Livingston, who of course eventually opted to enter the draft, joined a class that also included Demarcus Nelson and David McClure. Both of those guys are still deeply embedded in basketball; however, they’re far away from playing meaningful minutes against LeBron in the Finals. McClure is a player development coach with the Indiana Pacers; Nelson is in France, still getting buckets. Cool, but not quite the same.
Also in the 2004 high school class with Livingston was the aforementioned J.R. Smith, who somewhat in jest, remains a bit of a Tobacco Road legend. The “what if…” scenarios play out over and over again — what happens with that 2005 team if J.R. goes to UNC, not the NBA? Does North Carolina go 40-0? Do he and Rashad McCants team up to drive Roy Williams into early-retirement? Everything is on the table.
It’s interesting, though, to see how that differs with the Livingston hypothetical in Durham, which just doesn’t have nearly the same buzz.
The Second Chapter
Truly, I suppose it’s not as compelling as the other, bigger hypothetical with Livingston, though: What becomes of his career if not for the horrific knee injury in 2007 that nearly cost him his leg?

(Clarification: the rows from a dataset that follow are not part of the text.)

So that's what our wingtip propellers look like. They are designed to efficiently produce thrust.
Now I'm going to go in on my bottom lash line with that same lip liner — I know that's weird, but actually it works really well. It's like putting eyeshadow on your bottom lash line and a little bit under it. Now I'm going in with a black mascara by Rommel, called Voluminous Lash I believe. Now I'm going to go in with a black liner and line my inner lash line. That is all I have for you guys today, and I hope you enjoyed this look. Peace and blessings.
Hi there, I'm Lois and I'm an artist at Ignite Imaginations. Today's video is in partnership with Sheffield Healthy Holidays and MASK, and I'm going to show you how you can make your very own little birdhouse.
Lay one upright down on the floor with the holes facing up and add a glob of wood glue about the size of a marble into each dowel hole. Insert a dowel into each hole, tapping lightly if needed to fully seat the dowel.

All-Star games, Nike endorsements, video game covers, Team USA Basketball invites with Coach K. The works.
It would’ve all been in line for a guy that could’ve played like a souped-up/bigger Rajon Rondo, or something along those lines. The opportunity cost for Livingston is easily in the tens of millions — and that’s probably a safe estimate.

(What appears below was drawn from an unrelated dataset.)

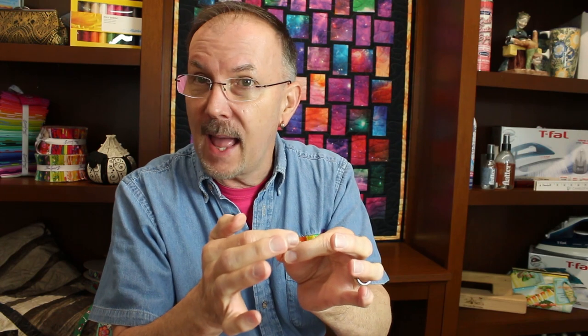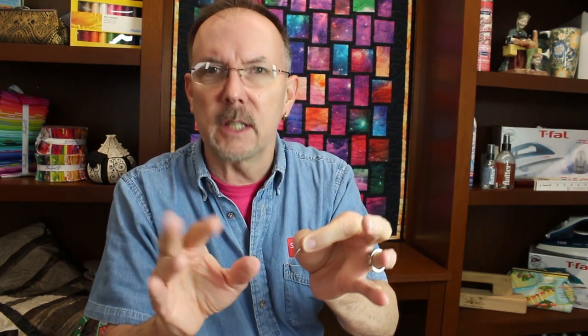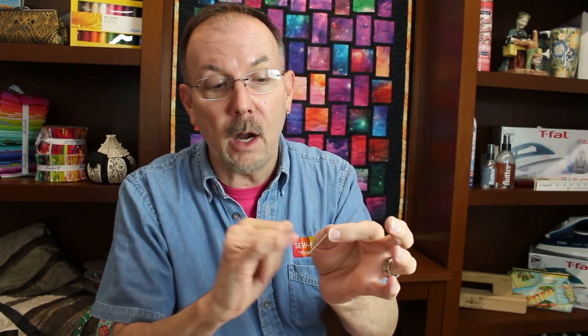Needles have different sections or parts to them. The flat back, the shank, the shaft, the scarf, the eye of the needle, the tip of the needle, the groove — these are all important parts. You want to make sure that the groove of the needle is not going to inhibit the movement of your thread, which means you need a larger needle for a larger size thread. The scarf of the needle is that little cutout in the back — that cutout is what's going to interact with the machine.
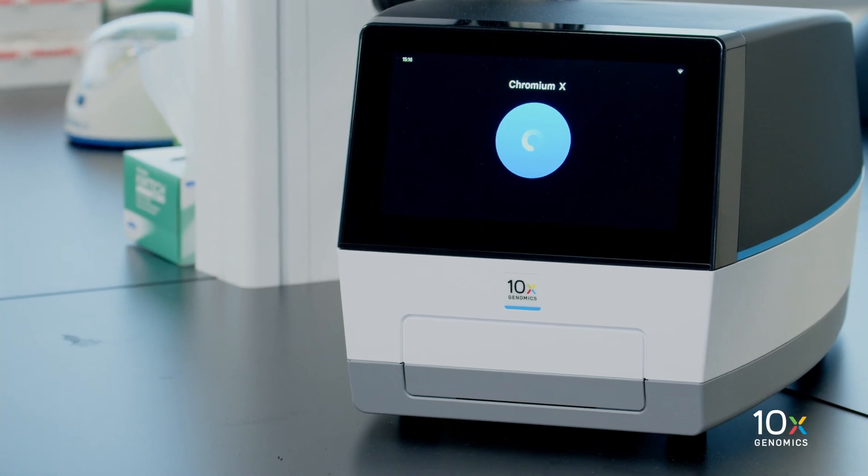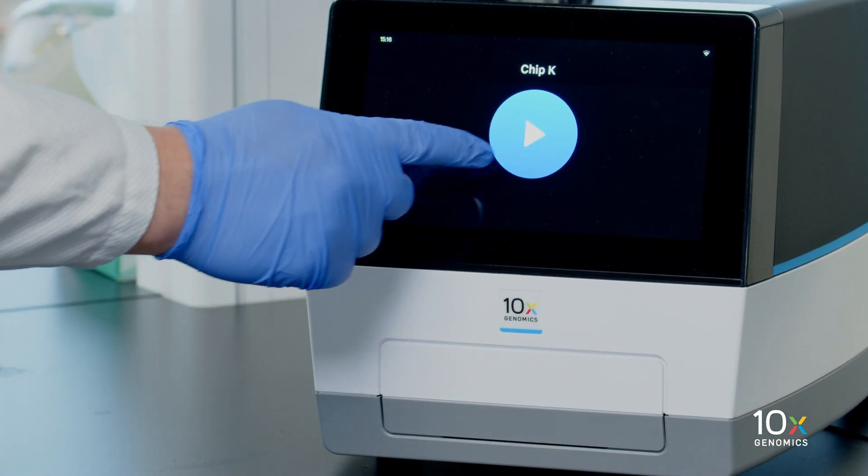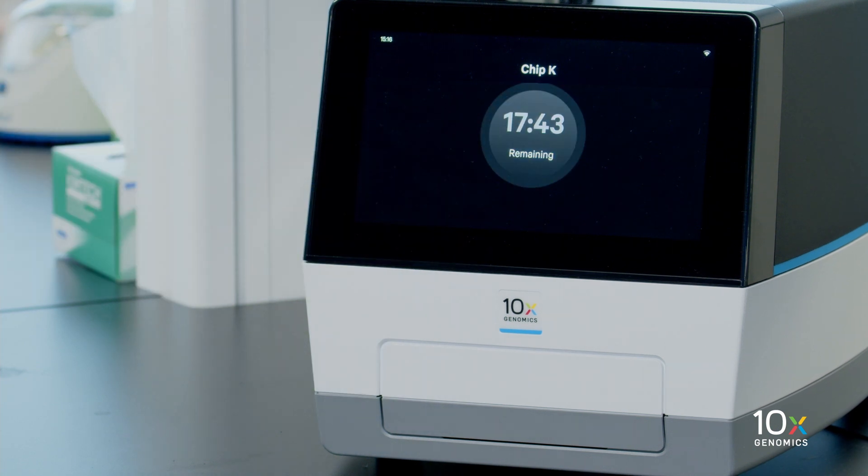We confirm that the Chromium instrument identifies the correct chip configuration. Then we initiate the run by pressing the play button. The run will take approximately 18 minutes.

That destiny came and passed; instead, he’s been able to pen an entirely different and inspiring conclusion to his career. Livingston battled through the injury, recovered, still made plenty of bread, traveled the league up and down as a journeyman, and found a home in the Bay.
This may need be the path Shaun Livingston would’ve chosen a decade ago. But in the end, he will be remembered for exactly what he is: a Warrior.